Poin ini ditekankan secara bergurau oleh Ketua Komisi Kepemudaan Keuskupan Agung Jakarta (Komkep KAJ), Romo Andreas Subekti, Pr. “Yang kreatif itu biasanya sih agak-agak nggak kudus,” candanya diiringi gelak tawa para hadirin.
Romo Bekti melanjutkan lagi bahwa tantangan inilah yang berhasil dihadapi oleh Beato Carlo Acutis. Beato milenial yang meninggal di usianya yang ke-15 tahun ini dapat melihat sesuatu dengan cara berbeda.
Misalnya saja, saat ia melihat gadget, ia mampu melihatnya dari sudut pandang yang berbeda dengan anak muda pada umumnya. Acutis terpikir memanfaatkan gadget untuk mengabarkan mukjizat ekaristi bagi sesama anak muda seumurannya yang sangat aktif berselancar di dunia maya.
“Aku bahagia untuk mati karena aku telah menjalani hidupku tanpa menyia-nyiakan satu menit pun dengan hal yang tidak berkenan pada Allah,” itulah kata-kata yang diucapkan Carlo Acutis ketika ia mengetahui vonis kematiannya akibat leukimia.
Menghormati Relikui
Pembahasan itu tertuang dalam talkshow bertajuk “New Way of Sainthood: Menjadi Kreatif dalam Kekudusan”. Talkshow ini dihelat pada Jumat (5/7), di Ballroom Gedung Yustinus, Kampus Semanggi, Universitas Katolik Indonesia (Unika) Atma Jaya.

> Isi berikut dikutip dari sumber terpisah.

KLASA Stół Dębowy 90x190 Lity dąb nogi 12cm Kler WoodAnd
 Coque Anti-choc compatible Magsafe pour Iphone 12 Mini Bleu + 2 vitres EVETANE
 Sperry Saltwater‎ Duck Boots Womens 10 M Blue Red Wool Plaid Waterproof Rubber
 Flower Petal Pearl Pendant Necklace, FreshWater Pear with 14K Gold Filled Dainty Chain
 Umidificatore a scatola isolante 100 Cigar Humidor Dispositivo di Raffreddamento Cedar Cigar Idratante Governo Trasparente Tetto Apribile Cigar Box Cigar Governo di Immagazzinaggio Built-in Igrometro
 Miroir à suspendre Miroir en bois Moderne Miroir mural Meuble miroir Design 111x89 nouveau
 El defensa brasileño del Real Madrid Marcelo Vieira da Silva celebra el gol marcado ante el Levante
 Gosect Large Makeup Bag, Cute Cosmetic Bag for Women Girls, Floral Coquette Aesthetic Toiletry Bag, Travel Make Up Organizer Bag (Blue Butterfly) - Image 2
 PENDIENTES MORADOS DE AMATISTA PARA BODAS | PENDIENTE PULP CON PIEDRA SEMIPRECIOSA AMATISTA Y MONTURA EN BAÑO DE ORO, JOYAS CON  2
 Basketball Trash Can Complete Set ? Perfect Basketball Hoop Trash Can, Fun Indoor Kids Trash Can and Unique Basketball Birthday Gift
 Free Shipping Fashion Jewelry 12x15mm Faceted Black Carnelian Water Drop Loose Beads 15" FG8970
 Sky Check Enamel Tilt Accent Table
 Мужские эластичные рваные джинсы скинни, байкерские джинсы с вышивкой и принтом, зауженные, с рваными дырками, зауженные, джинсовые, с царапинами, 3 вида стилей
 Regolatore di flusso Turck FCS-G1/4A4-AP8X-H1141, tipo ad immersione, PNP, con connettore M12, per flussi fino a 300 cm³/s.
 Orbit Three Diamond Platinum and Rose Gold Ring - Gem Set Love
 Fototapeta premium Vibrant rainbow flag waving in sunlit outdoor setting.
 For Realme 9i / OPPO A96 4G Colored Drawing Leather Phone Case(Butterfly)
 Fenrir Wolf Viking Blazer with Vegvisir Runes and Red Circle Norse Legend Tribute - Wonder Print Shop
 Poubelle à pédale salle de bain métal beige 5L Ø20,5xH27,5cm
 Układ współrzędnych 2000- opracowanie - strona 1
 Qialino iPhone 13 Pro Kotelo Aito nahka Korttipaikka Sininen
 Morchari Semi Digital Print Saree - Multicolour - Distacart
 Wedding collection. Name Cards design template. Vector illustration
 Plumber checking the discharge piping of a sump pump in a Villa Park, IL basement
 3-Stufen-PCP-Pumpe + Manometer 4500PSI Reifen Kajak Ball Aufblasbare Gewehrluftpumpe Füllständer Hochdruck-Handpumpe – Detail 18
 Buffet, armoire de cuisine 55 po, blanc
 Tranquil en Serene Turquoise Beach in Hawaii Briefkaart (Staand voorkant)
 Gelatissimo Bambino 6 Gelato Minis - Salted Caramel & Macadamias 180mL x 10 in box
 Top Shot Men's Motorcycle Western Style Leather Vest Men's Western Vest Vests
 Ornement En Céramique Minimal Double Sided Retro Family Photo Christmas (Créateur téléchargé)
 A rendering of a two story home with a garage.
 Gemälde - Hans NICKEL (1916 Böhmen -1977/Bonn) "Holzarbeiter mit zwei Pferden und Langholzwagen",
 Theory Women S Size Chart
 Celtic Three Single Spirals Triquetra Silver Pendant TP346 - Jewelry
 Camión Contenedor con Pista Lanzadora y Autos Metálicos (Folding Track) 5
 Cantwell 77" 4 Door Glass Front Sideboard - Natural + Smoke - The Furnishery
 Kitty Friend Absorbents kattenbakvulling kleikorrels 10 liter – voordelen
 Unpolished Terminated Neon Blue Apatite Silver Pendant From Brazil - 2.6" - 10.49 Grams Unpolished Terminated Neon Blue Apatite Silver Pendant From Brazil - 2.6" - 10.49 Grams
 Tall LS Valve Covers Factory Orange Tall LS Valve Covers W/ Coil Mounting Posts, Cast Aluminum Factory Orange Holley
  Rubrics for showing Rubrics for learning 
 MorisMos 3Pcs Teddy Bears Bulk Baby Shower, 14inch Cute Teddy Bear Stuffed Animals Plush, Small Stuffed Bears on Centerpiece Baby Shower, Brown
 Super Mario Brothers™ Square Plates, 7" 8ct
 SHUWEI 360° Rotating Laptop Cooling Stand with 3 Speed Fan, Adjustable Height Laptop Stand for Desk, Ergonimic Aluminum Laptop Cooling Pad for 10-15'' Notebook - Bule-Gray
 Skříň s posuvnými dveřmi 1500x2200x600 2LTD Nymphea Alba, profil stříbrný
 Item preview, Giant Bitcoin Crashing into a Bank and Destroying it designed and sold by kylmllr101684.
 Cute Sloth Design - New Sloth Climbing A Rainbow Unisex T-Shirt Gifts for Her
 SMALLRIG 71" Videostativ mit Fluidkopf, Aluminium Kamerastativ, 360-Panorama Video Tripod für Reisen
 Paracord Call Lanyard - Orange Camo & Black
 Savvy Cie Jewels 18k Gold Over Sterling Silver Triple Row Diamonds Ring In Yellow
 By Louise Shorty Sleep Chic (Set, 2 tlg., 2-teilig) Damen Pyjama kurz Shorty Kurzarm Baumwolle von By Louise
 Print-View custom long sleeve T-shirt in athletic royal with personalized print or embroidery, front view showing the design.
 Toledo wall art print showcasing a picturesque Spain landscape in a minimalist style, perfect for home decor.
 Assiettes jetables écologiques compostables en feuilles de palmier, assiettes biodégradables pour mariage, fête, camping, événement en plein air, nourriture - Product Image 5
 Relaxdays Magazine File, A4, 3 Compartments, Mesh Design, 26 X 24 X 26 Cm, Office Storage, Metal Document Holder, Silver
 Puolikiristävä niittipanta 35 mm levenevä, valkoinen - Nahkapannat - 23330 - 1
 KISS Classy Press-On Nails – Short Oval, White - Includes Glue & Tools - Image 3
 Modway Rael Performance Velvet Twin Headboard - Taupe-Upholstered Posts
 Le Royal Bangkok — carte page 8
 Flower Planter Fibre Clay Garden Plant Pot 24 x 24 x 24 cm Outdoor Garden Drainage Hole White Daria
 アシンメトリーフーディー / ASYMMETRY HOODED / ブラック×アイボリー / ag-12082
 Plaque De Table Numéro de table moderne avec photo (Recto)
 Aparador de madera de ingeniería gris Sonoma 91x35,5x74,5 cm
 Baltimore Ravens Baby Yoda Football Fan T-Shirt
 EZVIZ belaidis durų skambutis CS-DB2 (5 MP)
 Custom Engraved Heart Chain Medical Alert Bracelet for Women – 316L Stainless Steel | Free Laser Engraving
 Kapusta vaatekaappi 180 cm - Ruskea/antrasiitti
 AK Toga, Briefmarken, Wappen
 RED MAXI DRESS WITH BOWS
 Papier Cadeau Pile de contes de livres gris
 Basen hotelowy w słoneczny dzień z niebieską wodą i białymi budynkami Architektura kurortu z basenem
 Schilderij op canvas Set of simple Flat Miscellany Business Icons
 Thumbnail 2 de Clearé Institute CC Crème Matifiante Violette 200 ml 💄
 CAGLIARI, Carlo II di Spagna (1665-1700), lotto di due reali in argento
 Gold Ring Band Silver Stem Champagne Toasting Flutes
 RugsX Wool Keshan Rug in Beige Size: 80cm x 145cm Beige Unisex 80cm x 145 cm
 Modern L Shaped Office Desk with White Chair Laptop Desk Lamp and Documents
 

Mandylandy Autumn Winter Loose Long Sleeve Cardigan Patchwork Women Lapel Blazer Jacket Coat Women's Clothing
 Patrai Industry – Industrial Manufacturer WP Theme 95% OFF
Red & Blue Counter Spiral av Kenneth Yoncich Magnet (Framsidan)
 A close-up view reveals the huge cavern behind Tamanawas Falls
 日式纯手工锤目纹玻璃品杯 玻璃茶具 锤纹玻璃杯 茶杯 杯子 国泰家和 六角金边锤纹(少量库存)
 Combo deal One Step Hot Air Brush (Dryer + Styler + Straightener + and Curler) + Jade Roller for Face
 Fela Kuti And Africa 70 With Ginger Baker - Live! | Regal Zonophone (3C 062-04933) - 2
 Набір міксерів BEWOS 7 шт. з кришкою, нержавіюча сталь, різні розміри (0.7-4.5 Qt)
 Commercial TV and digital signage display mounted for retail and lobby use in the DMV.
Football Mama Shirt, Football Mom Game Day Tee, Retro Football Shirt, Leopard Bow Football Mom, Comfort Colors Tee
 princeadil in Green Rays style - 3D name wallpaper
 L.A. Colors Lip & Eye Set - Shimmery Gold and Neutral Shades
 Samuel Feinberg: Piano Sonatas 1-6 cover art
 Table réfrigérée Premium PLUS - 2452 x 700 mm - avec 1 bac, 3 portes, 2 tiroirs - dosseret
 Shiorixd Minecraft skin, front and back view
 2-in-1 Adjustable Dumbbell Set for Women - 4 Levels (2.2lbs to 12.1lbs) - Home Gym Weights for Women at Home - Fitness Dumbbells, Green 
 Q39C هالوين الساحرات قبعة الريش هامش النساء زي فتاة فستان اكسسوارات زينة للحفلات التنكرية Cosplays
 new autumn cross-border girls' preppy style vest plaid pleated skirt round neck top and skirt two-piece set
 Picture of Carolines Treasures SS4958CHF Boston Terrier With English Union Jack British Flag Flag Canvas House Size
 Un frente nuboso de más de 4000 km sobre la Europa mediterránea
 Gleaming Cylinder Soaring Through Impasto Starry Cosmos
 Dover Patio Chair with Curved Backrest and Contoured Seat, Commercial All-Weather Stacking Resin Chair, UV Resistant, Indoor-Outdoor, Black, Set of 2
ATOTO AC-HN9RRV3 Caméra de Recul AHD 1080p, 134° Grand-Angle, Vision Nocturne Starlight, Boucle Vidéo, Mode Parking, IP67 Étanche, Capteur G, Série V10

Selain menghadirkan Romo Bekti, Unika Atma Jaya juga mengundang narasumber lain, yakni pendiri Saintpedia, Cliff Ariesta Tedyanto; Ketua Seksi Kepemudaan Paroki Alam Sutera, Ancilla Betaria; dan Sekretaris Eksekutif Komisi Kepemudaan Konferensi Waligereja Indonesia (KWI) Romo Frans Kristi A. P., Pr. Sementara itu, Feli Sumayku dari i-Radio didapuk untuk membawakan acara.
Acara ini dihelat demi menghormati relikui Carlo Acutis, beato pertama dari generasi milenial—yang segera akan menjadi santo pertama dari generasinya bulan Oktober mendatang. Relikui sendiri merupakan anggota tubuh atau barang-barang peninggalan dari orang-orang kudus.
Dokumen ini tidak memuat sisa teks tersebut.